C’est quelque chose qui nous tient particulièrement à cœur et que nous faisons systématiquement dans la présentation de nos projets. Nous prenons toujours une dizaine de minutes pour évoquer nos références artistiques, nos influences intellectuelles. 

Depuis 2019, vous avez enchaîné les distinctions et les prix. En 2023, vous avez été lauréats dans la catégorie Habitat du Prix de l’Équerre d’argent, pour un projet de 32 logements en « volume capable » quartier de Brazza à Bordeaux. Ma première question est simple : qu’est-ce qu’un volume capable ? 

C’est un logement en accession à finir soi-même. Ce qui le rend attractif dans notre cas, c’est la double hauteur systématique ce qui permet de doubler la surface… ou non ! 

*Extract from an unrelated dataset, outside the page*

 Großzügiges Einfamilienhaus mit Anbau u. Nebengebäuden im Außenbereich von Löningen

Le volume capable est une nouvelle manière de voir la promotion immobilière dans laquelle le produit n’est pas l’appartement fini mais le potentiel de ce que l’on souhaite en faire. Plutôt que de présenter un T3 ou un T4 de manière très classique, le promoteur offre la possibilité à chacun de dessiner son appartement. 

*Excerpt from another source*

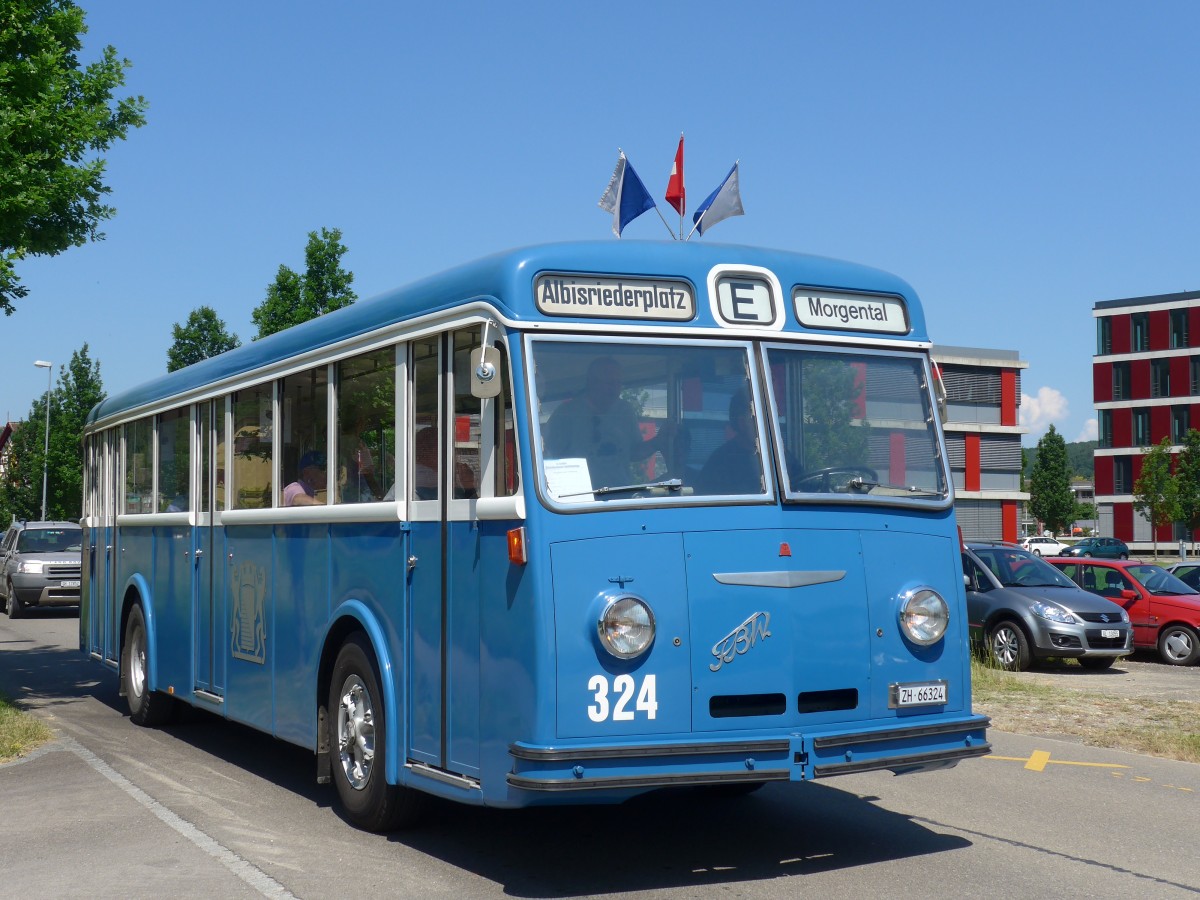 (161'889) - VBZ Z�rich (TMZ) - Nr. 324/ZH 66'324 - FBW/T�scher (ex Privat; ex VBZ Z�rich Nr. 324) am 6. Juni 2015 in Thayngen, Saurertreffen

Ensuite, libre aux propriétaires d’avancer à leur rythme. Il y a ceux qui anticipent et font tout faire dans la foulée de la livraison et ceux qui préfèrent prendre leur temps, faire une pièce après l’autre. 

On évoquait tout à l’heure la différence entre la France et l’Espagne, en voilà une autre : la culture « Leroy Merlin » ! (Rires)

Qu’est-ce que c’est que ça ?

C’est cette habitude très française de vouloir bricoler le week-end, d’effectuer les travaux soi-même ! 

Dans cette nouvelle approche du volume capable, notre travail d’architecte a consisté à dessiner plusieurs possibilités, différents aménagements possibles et les effacer après avoir vérifié qu'ils fonctionnaient. Sur ce projet, notre souhait n’a jamais été de dessiner les logements des futurs occupants. Il y avait une approche très expérimentale dans l’idée de laisser faire et voir ce que chacun en faisait. 

Comme conçoit-on un tel projet ? 

Il y a quelques prérequis. Je pense notamment à la gaine centrale qui nous permet de faire passer les différentes conduites et autour de laquelle doivent être disposées les salles de bain et les cuisines. 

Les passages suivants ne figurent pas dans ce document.